Susan Stewart: “[The] souvenir moves history into private time” (On Longing, 138).
Photographs of tile patterns, house shapes, windows, roads, reflections, water, flowers, roofs. Three short videos of the ocean (yes: this was the first time I have been that close to that much water for that amount of time. I now can’t understand how people can bear to live away from it). An orange blossom crushed flat in my notebook, which now smells just faintly of the orchards around Silves.
Many pages of new writing, a couple of ideas for essays, a part-completed story (yeah, I know: what? when did I start to write prose?! I blame the dissertation), a few poems, note on my manuscripts, and two manuscripts that belong to my friend, with my comments on them. And part of a chapter for my dissertation, yes indeed, I even did work-work.
Not to mention just daily recordings of things there.

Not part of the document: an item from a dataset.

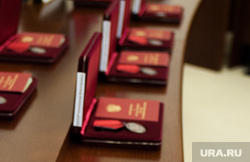 Вручение государственных наград жителям Уральского Федерального Округа в резиденции полномочного представителя президента РФ в УрФО. Екатеринбург , орден, награды, медали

Wrapped in newspaper, a few shards of tile that I found while out walking. Blue, white, pink, yellow, dark red; I find them so beautiful. And with them the materialising concept for an installation I want to do about archaeology and history and migration.

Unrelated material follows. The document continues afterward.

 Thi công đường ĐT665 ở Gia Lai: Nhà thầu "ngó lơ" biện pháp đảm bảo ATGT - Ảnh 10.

The smell of salt, rosemary, mint, the memory of the marketplace, the sound of the language. Tiny drawings of buildings, flowers, the coastline, the cobblestones; the memory of swallows flying just for the pleasure of it, and finding their nests, and whistling to them, and turning to go and seeing an old man grinning at my touristy, birdy spectacle.
The desire to make a garden again and to learn more about growing food. Gratitude for hospitality and warmth and dependable sunlight and politeness and rocks and beaches and dusty places to walk and conversation and poetry and good food. And aMAYzing desserts.
Also, of course, an orange. And a lemon.